EKO-SUFISME # 3: HAK AIR HARUS KITA BERIKAN

Sekarang saatnya musin hujan. Hampir setiap hari, terutama di sore hari hujan menyapa perkampungan kami. Kran-kran kami tidak tidak macet lagi. Rumput liar di open space perumahan mulai tumbuh dan meninggi. Saat musim hujan, jentik-jentik nyamuk di selokan hanyut diterjang banjir tiban.

Air. Sebuah kata yang menjadi sarana hidup alam semesta. Dengan air, Allah menghidupkan alam semesta. Tidak terkecuali manusia. Hujan adalah sumber air. Allah mengguyur hujan yang berarti mengguyur kehidupan. Banyak sekali ayat yang membicarakan nikmat tentang hujan.

Dalam QS al-Waqi’ah 68-70 kita disindir Allah dengan pertanyaan, “Siapakah yang menurunkan hujan ? Kamukah? Atau Aku ?” Manusia boleh saja mengaku. Mungkin dengan alasan bahwa saat kemarau manusia dengan teknologi manusia membuat hujan buatan yang menghabiskan biayanya ratusan bahkan milyaran rupiah.

Banyak pelajaran dari hujan yang diberikan Allah sebagai nikmat. Allah juga mengatakan bahwa air hujan diturunkan Allah dengan rasa tawar atau netral. Pernahkah Anda membayangkan seandainya air hujan diturunkan dengan rasa asin, manis, atau pahit. Inilah pertanyaan yang pernah disinggung oleh Allah dalam QS. al-Waqi’ah: 68-70, ”Afaraitum al-ma’a al-ladzi tasyrabun. Aantum anzaltumuhu min al-muzni am nahnu al-munzilun. Lau nasya’u ja’alnahu ujajan fa laula tasykurun” (Apakah kalian tidak memperhatikan air yang kalian minum ? Kaliankah yang menurunkan dari tempatnya atau Aku ? Sekiranya aku mau, air hujan itu aku buat asin. Kenapa kalian tidak bersyukur?”.

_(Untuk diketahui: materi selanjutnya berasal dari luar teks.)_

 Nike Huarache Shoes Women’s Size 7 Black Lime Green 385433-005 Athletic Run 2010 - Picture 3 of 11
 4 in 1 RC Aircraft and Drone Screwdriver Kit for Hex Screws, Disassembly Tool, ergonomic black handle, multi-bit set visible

Hujan merupakan anugerah dan rizki. Karena dengan hujan kehidupan akan berlangsung. Air diberikan fitrah oleh Allah memberi kesegaran. Namun, anehnya di negeri kita tercinta ini, saat musim penghujan banyak berita sedih tentang banjir di mana-mana. Termasuk ibu kota yang selalu langganan banjir.

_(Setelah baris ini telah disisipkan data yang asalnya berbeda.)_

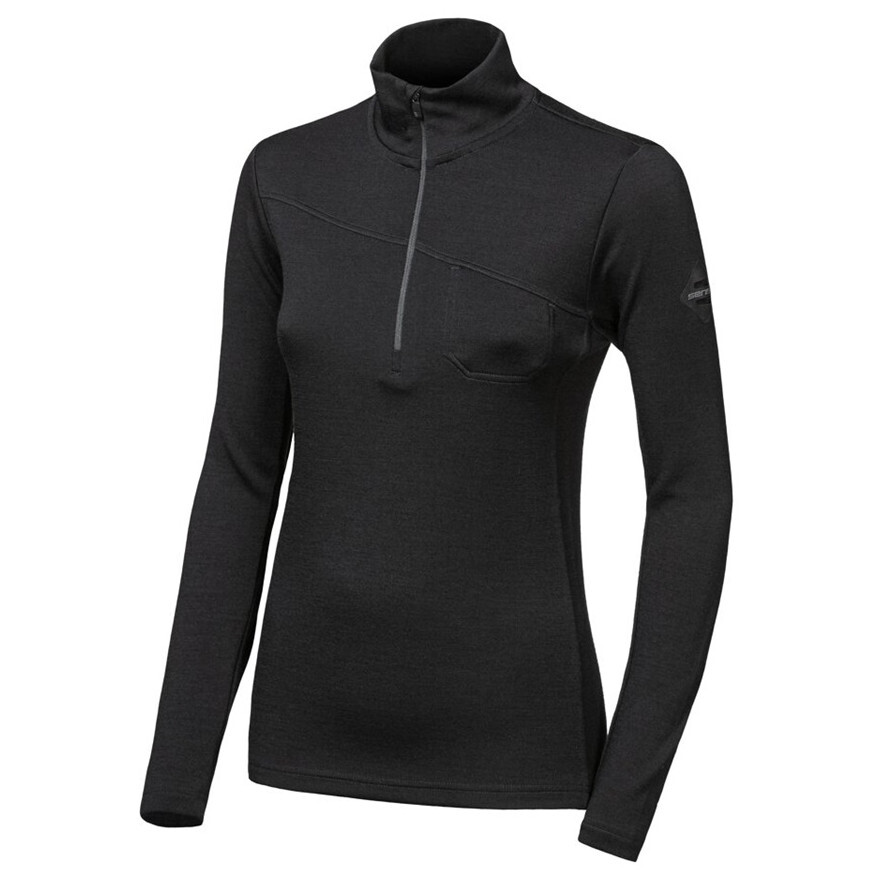 Dámská funkční mikina Sensor Merino Extreme Up zip Velikost: S / Barva: černá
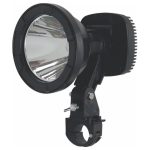 GAMEPRO BUBO ONBOARD GUNLIGHT 10W W/MOUNTS 600 LUMENS - BLACK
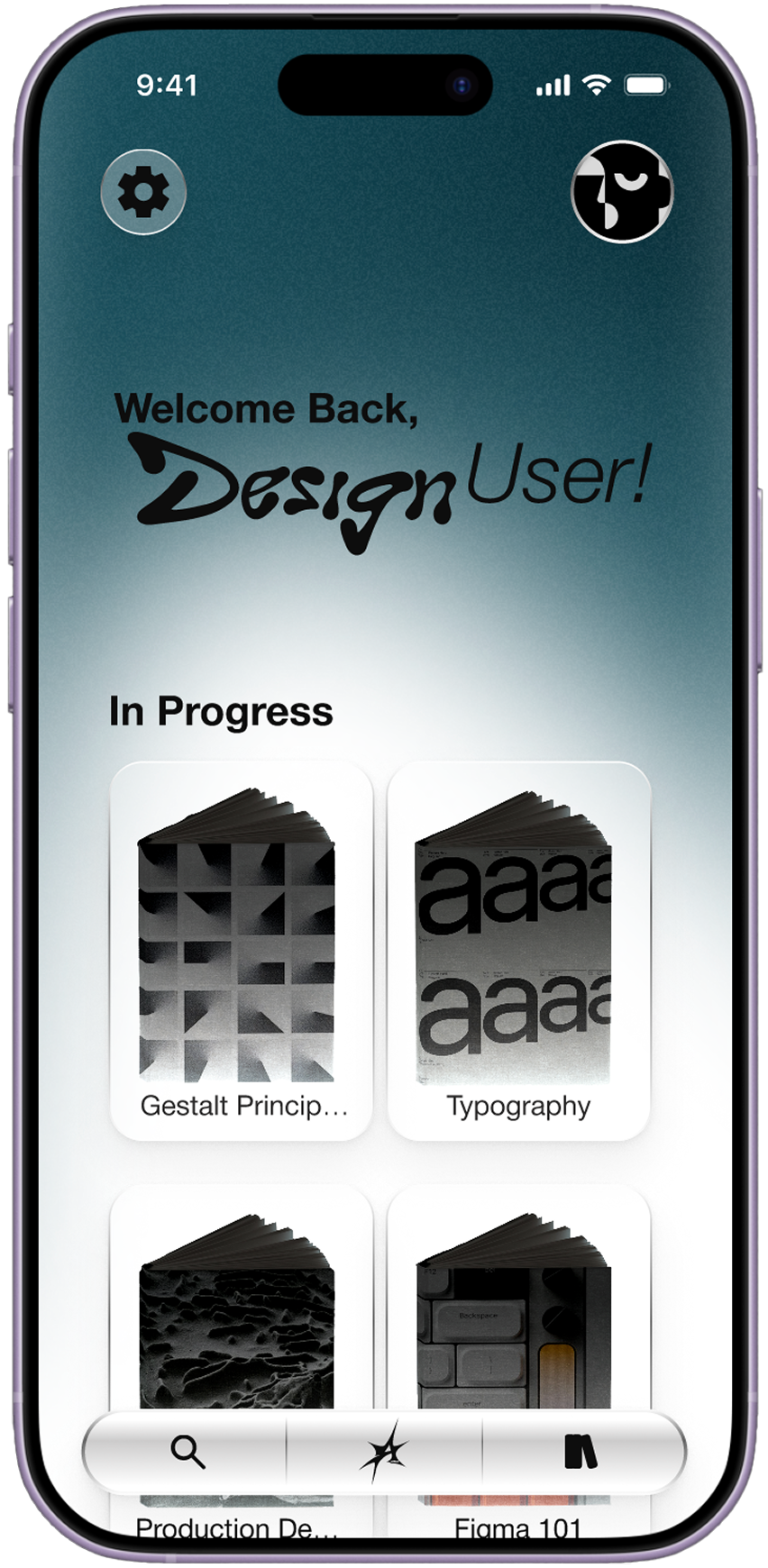 Library App on Mobile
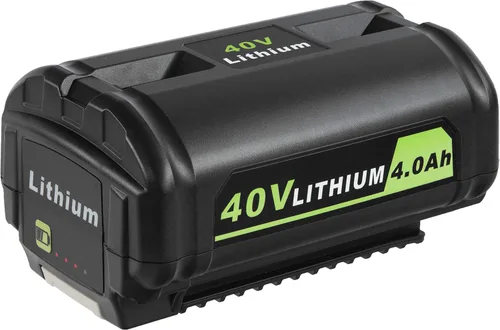 Batería de repuesto de alta capacidad de 4.0Ah para batería Ryobi de 40 V - Vida útil prolongada y rendimiento confiable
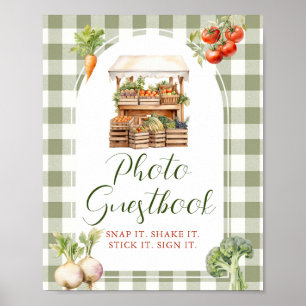 Affiche Baby shower de marché local de croissance photo li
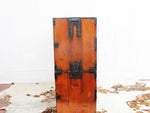 A Late 19th C Japanese Two Part Tansu Chest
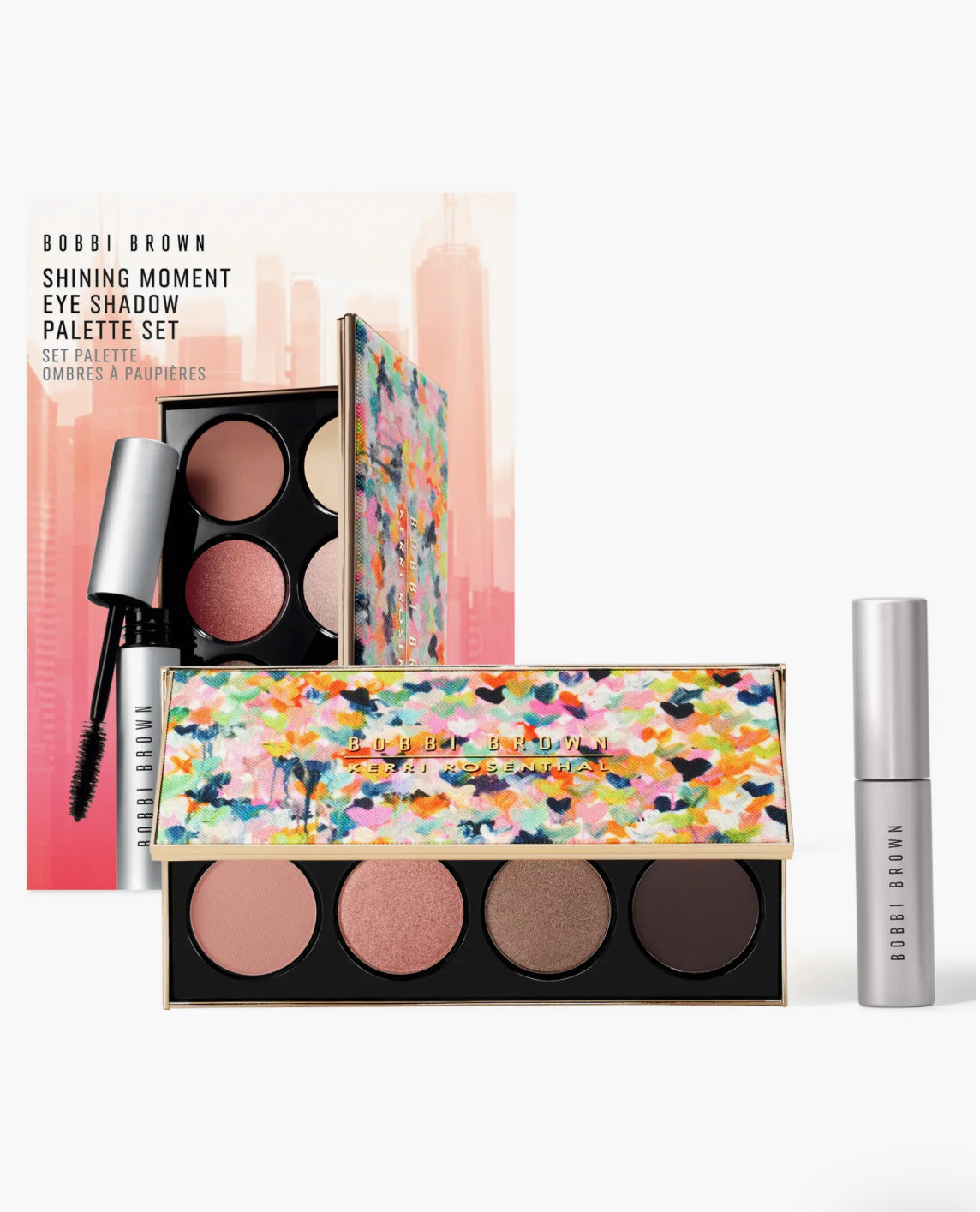 BOBBI BROWN, Shining Moment Eyeshadow Palette & Mascara Set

Manajemen air hujan sangat mendesak untuk direvolusi. Air telah kehilangan haknya. Dia tidak lagi diberikan resapan dan jalan aliran. Padahal, sifat air telah diketahui anak-anak sejak SD. Air memiliki sifat tetap, dia mengalir dari tempat yang tinggi menuju tempat yang rendah. Anak-anak SD dan MI kelas tiga tahu itu. Hanya saja, ilmu tentang air hilang dan tidak dimanfaatkan setelah mereka dewasa. Pengetahuan itu seolah tidak pernah ada.

Jalan-jalan air ditutup untuk keperluan tempat tinggal. Jalan air diserobot oleh orang-orang rakus yang dulu belajar ciri-ciri air. Di kota-kota besar, jalan air semakin menyempit bahkan tidak ada. Resapannya juga tidak ada. Air kehilangan haknya. Pada saatnya, air protes pada penyerobotnya karena dia harus lewat menuju tempat yang lebih rendah, terjadilah banjir bandang yang seringkali menelan korban.

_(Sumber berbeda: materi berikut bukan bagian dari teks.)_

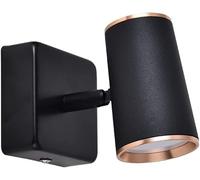 Simple Bedside Reading Lamp, Modern Bedroom Decorative Lighting Wall Light with 360° Rotating Adjustment Function, Black Metal Wall Sconce,Chandelier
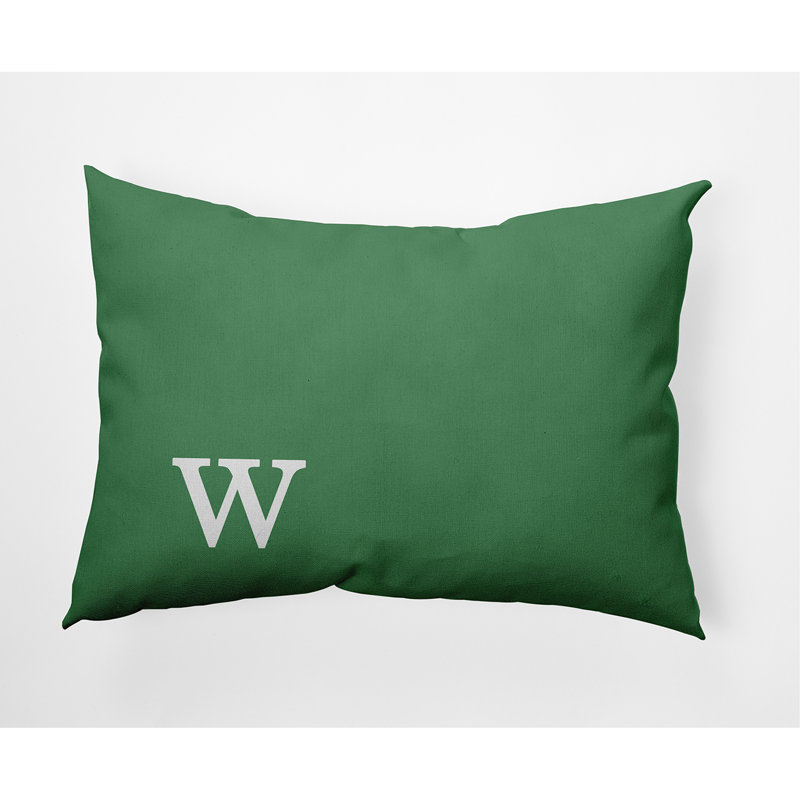 Coussin décoratif intérieur / extérieur Modern Monogram, Sauge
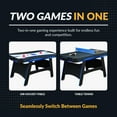 thumbnail image 3 of Hathaway Bandit Air Hockey Table, 5-ft, Black/Blue, 3 of 7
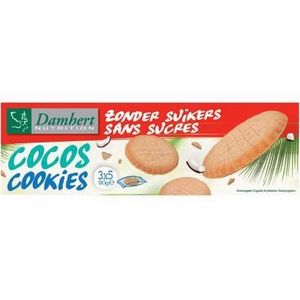 Damhert Cocos cookies zonder suikers 90g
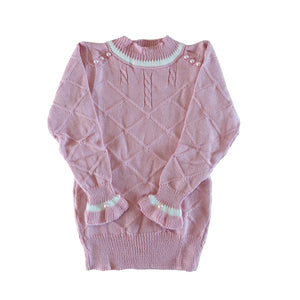 Blusa Sueter Lã Tricô Confortável Meninas Infantil Inverno (Atacado)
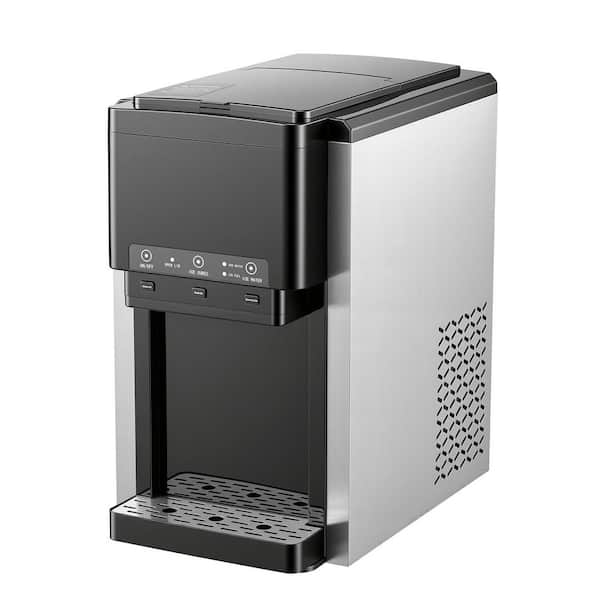 3-in-1 Water Dispenser with Ice Maker, 12 cu./7 Min Fast Ice Making with 4 lbs. Storage, 35 lbs. /24H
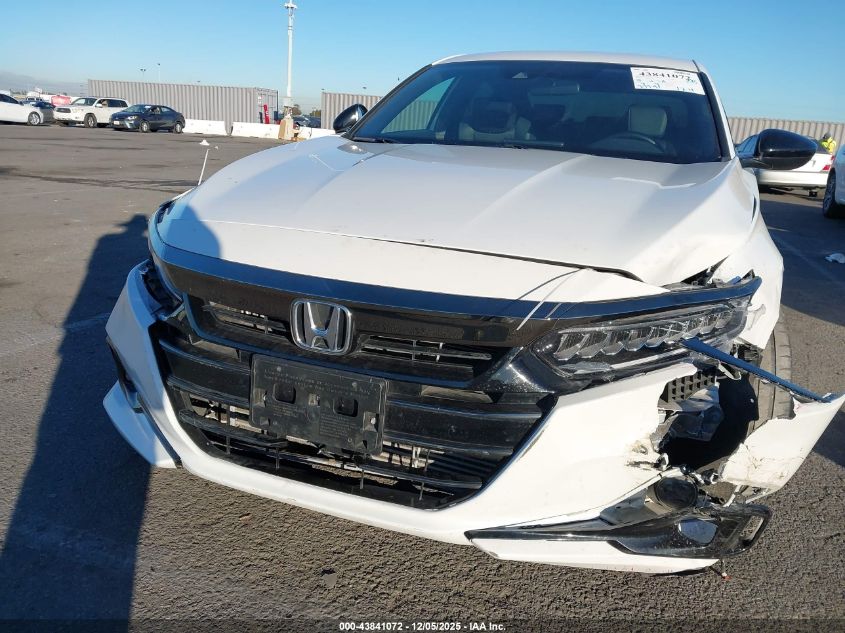 2022 Honda Accord Sport VIN: 1HGCV1F35NA100877 Lot: 43841072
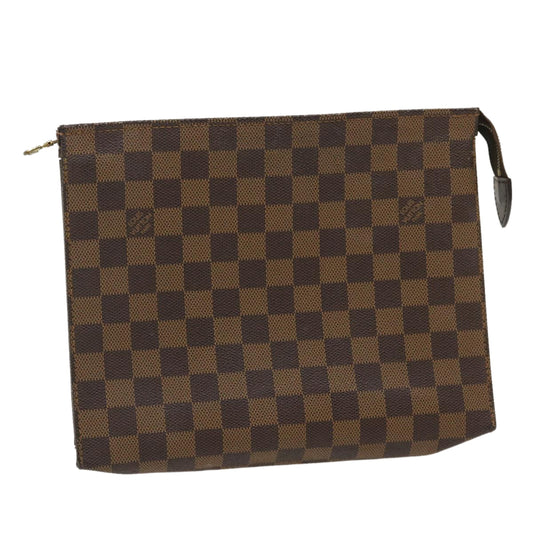 LOUIS VUITTON Damier Ebene Poche Toilette 26 Pouch N47543 LV jk1194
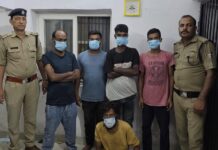 फरार चल रहे पांच वांरटी गिरफ्तार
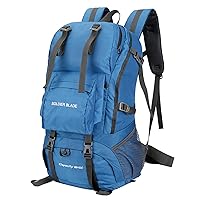 HUIOP Hiking Backpack, 45L Camping Hiking Backpack Large Capacity Mountaineering Pack Waterproof Travel Backpack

Belum lagi manajemen air yang salah, terkait dengan pengeboran air tanah yang sembarang menyebabkan air hujan tidak berfungsi sebagaimana mestinya. Justru air laut bawah tanah yang akan naik karena jumlah pengeboran air tanah yang menyalahi tata aturan pengeboran. Allah telah mengingatkan tentang air. Allah juga menyindir terkait dengan kualitas air yang telah diberikan kepada kita agar kehidupan ini menjadi lebih baik.

Menjaga dan merawat saluran air adalah pesan al-Quran bagi orang yang ingin dekat dengan Allah. Sebaliknya, merusak dan mengotori bahkan mengambil hak pihak lain termasuk hak ”hidup” air sangat dibenci Allah dan menjadikan pelakunya jauh denganNya. Yang pertama mereka adalah muttaqin, dan kategori yang kedua adalah mereka yang ingkar.

Air adalah sama-sama makhluk Allah. Berikan hak-hak air. Berikan jalan yang layak agar dia bisa melaju dengan baik tanpa “mengganggu” kehidupan kita. Dengan demikian, memperbaiki got, membersihkan atau merawat selokan, membuat resapan air adalah kebaikan dan sedekah. Sedekah yang demikian ini akan menjadikan alam (termasuk air) menjadi ramah dengan kita. Sesama makhluk harus selalu tolong-menolong untuk kebaikan.